---------- MATERIAL FOR THIS TASK ----------
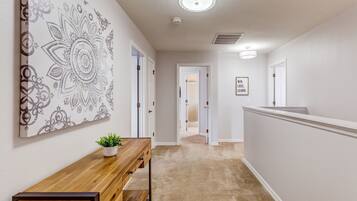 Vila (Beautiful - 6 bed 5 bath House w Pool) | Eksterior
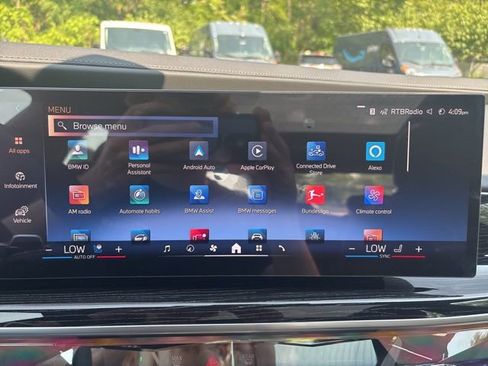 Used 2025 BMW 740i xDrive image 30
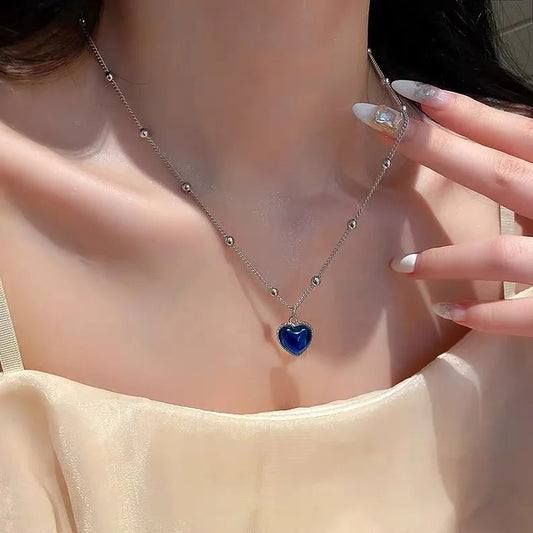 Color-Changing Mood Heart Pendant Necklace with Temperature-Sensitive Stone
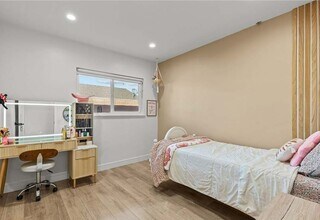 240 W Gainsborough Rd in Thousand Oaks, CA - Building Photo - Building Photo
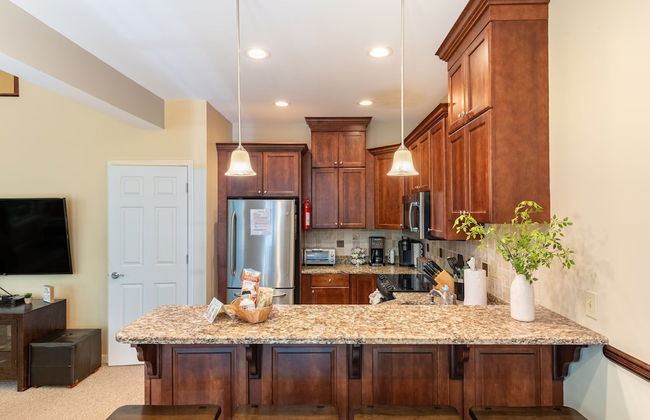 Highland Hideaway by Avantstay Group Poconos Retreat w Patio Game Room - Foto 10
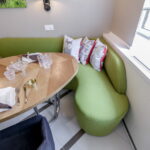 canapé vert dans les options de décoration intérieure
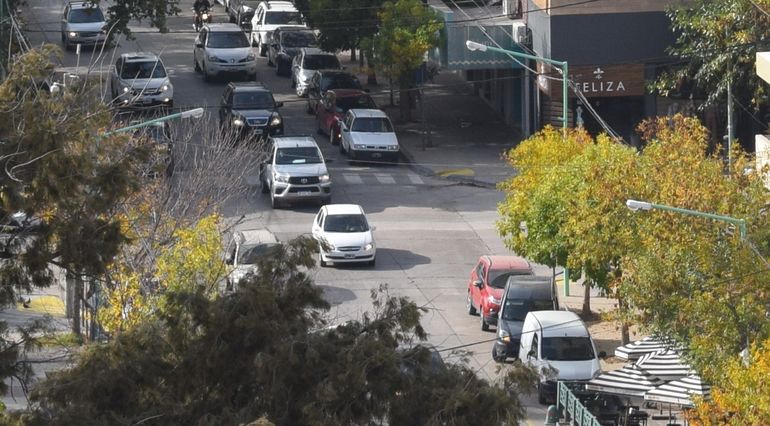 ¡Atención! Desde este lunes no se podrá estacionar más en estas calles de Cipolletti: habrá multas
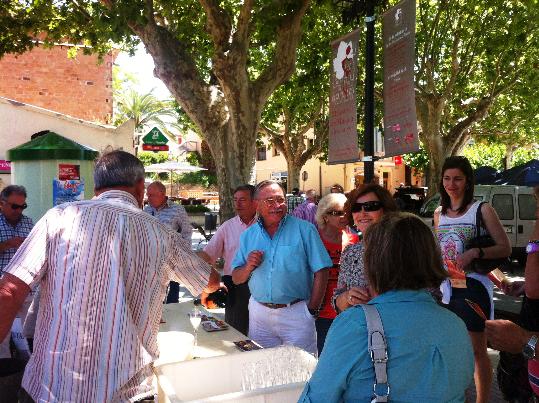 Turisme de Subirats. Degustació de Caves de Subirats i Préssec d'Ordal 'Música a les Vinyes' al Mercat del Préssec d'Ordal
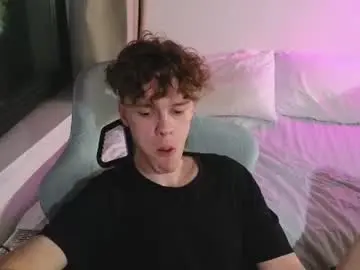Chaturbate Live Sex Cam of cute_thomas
----------
WHAT YOU WILL DO ▸
The preceding listing must be repeated exactly, with all images dropped.

EXERCISE ANSWER ▸
 Vila (Beautiful - 6 bed 5 bath House w Pool) | Eksterior
 Used 2025 BMW 740i xDrive image 30
 Color-Changing Mood Heart Pendant Necklace with Temperature-Sensitive Stone
 240 W Gainsborough Rd in Thousand Oaks, CA - Building Photo - Building Photo
 Highland Hideaway by Avantstay Group Poconos Retreat w Patio Game Room - Foto 10
 canapé vert dans les options de décoration intérieure
 ¡Atención! Desde este lunes no se podrá estacionar más en estas calles de Cipolletti: habrá multas
 Turisme de Subirats. Degustació de Caves de Subirats i Préssec d'Ordal 'Música a les Vinyes' al Mercat del Préssec d'Ordal
Chaturbate Live Sex Cam of cute_thomas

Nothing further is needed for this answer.